Due to the increased number of foreclosure, there are a lot more banks selling foreclosed property. Many of these entities require their own addendum to the purchase agreement, sometimes ten to twenty pages long. One provision almost all include is something along the lines of, "Seller shall select the closing agent," sometimes even, "Buyer shall pay for all title insurance from the title company selected by Seller." Apparently, these banks, and the attorneys who prepare these addenda are not familiar with RESPA Section 9 (12 U.S.C. § 2608). It states:
(a) No seller of property that will be purchased with the assistance of a federally related mortgage loan shall require directly or indirectly, as a condition to selling the property, that title insurance covering the property be purchased by the buyer from any particular title company.
(b) Any seller who violates the provisions of subsection (a) of this section shall be liable to the buyer in an amount equal to three times all charges made for such title insurance. 12 U.S.C. § 2608.

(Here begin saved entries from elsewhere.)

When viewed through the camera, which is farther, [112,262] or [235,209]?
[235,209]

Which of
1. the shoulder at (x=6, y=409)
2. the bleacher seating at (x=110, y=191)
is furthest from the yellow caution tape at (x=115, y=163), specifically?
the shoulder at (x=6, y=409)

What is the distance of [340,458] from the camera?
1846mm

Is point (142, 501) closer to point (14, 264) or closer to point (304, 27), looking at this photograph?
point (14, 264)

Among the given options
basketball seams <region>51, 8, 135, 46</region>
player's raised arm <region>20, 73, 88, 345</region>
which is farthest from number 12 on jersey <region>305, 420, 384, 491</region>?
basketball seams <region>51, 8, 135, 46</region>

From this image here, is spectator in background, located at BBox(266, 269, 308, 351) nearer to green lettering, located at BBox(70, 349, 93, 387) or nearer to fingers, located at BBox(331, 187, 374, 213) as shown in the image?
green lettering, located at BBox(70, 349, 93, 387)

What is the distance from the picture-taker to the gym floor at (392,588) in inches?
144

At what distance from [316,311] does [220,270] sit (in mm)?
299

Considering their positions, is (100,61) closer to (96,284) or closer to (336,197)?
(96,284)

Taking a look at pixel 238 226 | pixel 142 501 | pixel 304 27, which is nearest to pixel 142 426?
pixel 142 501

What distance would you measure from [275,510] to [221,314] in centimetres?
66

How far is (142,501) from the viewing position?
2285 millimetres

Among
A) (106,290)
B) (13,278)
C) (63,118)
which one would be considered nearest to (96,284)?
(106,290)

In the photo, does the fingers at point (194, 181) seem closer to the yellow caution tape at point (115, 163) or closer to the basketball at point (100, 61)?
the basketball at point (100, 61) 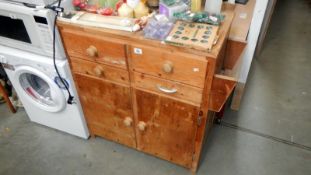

Even where the seller specifies the closing agent, leaving the selection of title insurer ostensibly up to the buyer, there is a Section 9 violation. The key word in the statute is "indirectly." Here’s the train of thought:
1. The purchase agreement specifies that the seller shall designate the providers of title and escrow/closing services. (This may be interpreted as a direct requirement that the buyers utilize the title company selected by seller.)
2. The buyers’ lender will require a mortgagee’s policy of title insurance.
3. This lender will also require an insured closing protection letter (CPL).
4. In order for the CPL to be effective, the same company must issue both the CPL and the mortgagee’s title policy.
5. Since the seller is specifying the closing agent, the seller is requiring, at least indirectly, that the buyers purchase the mortgagee’s policy from a particular title insurance company.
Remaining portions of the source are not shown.